There are 5 comments at the moment, we would love to hear your opinion too.

  1. Why does the TV show W1A pop into my head when I hear this babble?

  2. Time to put this failed organisation out of its misery and reduce the hefty levies on financial advisers.

  3. Cool they will explain how to open a bank account haha

  4. One of the MAS’s biggest failings is that it has in place no system of following up whatever action plans it may have suggested to those using its service. It just logs (and later trumpets) its user numbers but has no idea what those users actually do in the wake of their interaction with it.

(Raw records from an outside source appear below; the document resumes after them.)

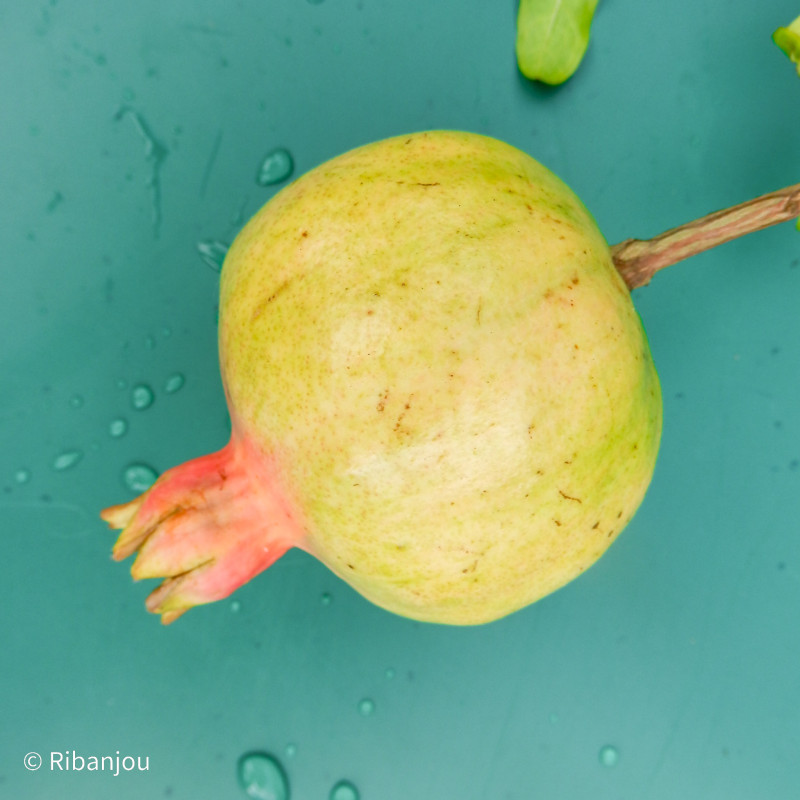 Grenadier Jaune Couture Bio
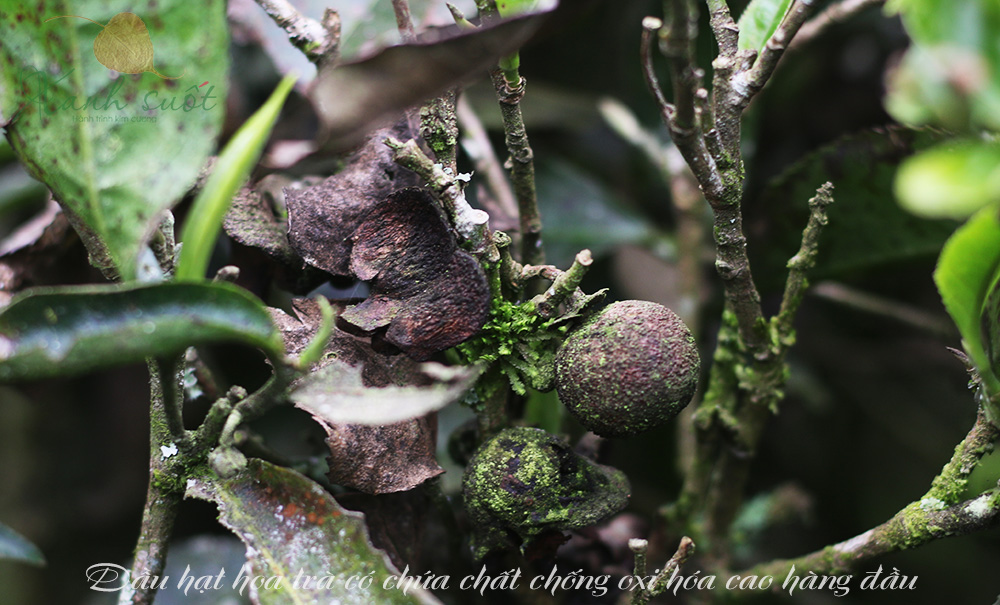 Dầu hạt hoa trà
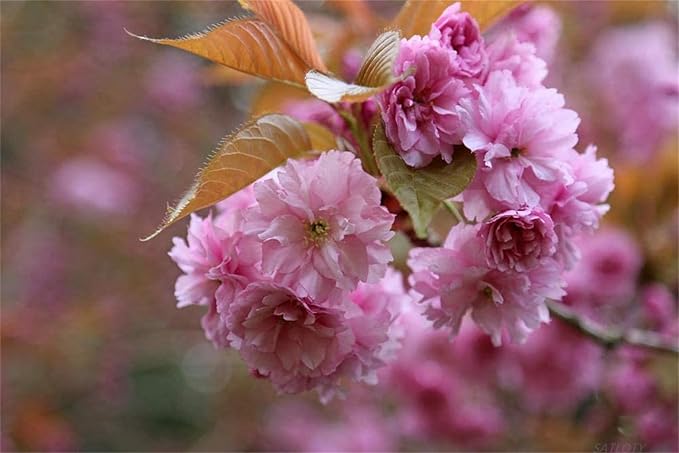 Japanese Sakura Seeds, Rare Japanese Cherry Blossom Flower Seeds, Rosa Prunus Serrulata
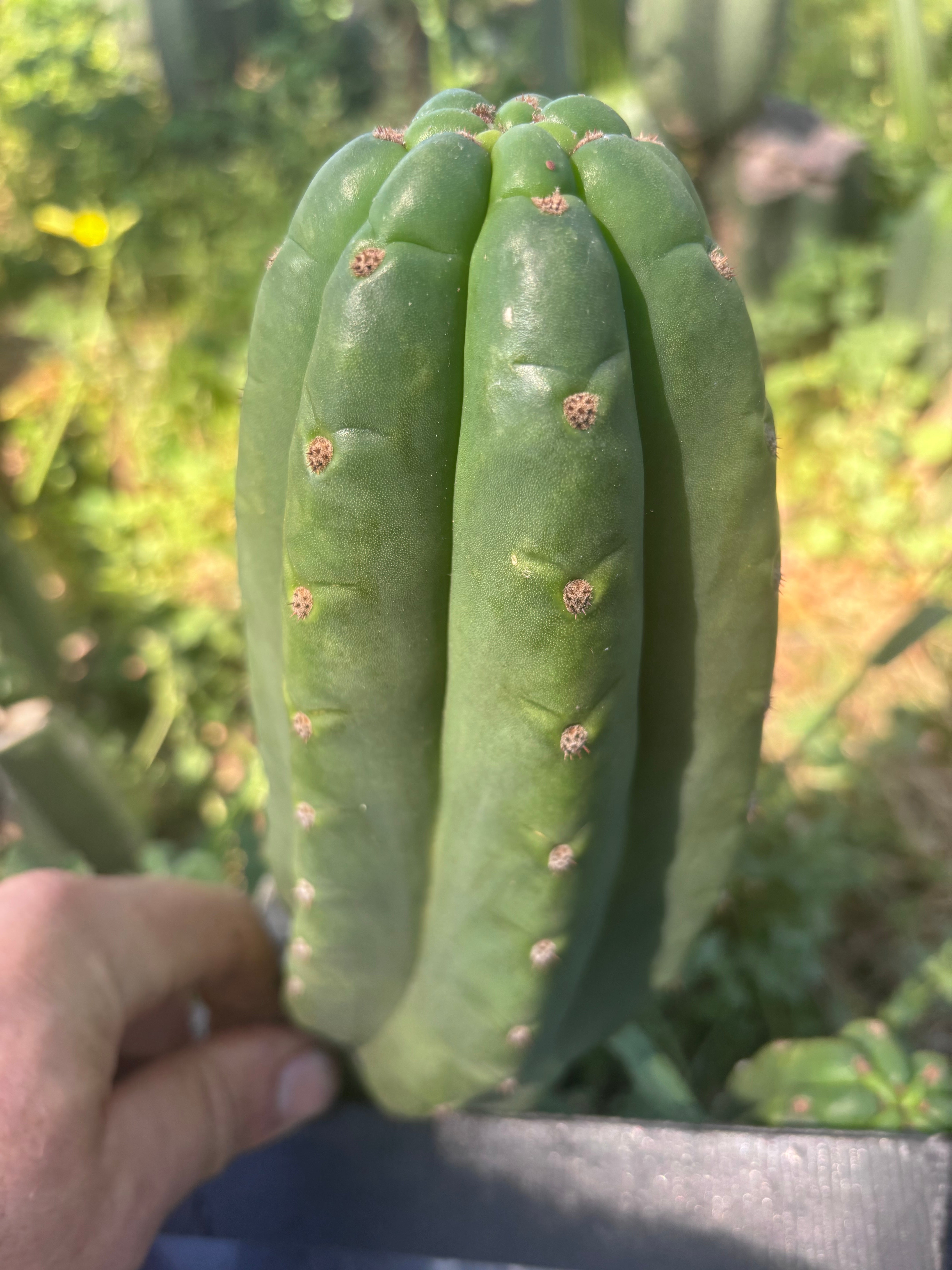 👑🌶️ The Field’s Pachanoi — Fat Pup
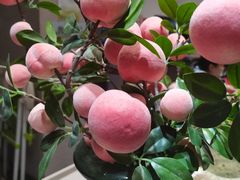 -小豆海棠(嘉兴路店)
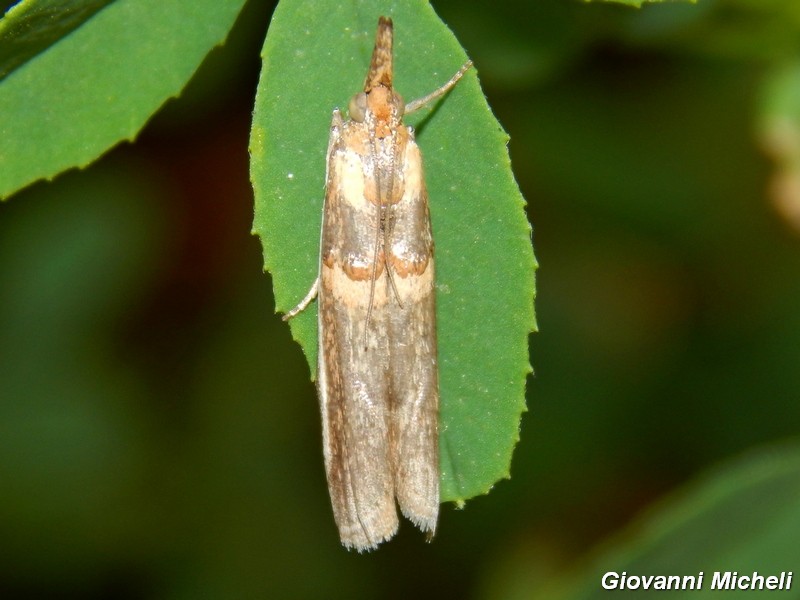 Tortricidae da ID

    The MAS may outline an action plan for better personal financial management and the caller may thank them for so doing, but they have no idea whether or not said caller actually implemented the plan, whether so doing yielded any tangible benefits and, 12m later, whether s/he’s still adhering to it.

    Bald data on nothing more than how many people interacted with the MAS tells us anything of value. All it tells us is how many people interacted with it and that, for the MAS, is the end of the story.

    Says Rookes “We will particularly focus piloting, testing and learning on segments that are disengaged from managing their money”. For heaven’s sake — are people so dim and/or so ignorant that they don’t know how to use the Yellow Pages or do a Google search or have never heard of the CAB or don’t even talk to friends or other family members? If so, what’s the likelihood of them sticking to any sort of action plan outlined in a telephone conversation with some faceless bod at a desk, possibly hundreds of miles away whom they’ll probably never meet?

    Oh yes, and I still resent deeply being forced to fund the cost of providing advice on debt difficulties that have absolutely nothing to do with me. There are debt counselling agencies in every city and reasonably large town the length and breadth of the country.

  5. Are MAS still going? I was hoping they’d faded into oblivion.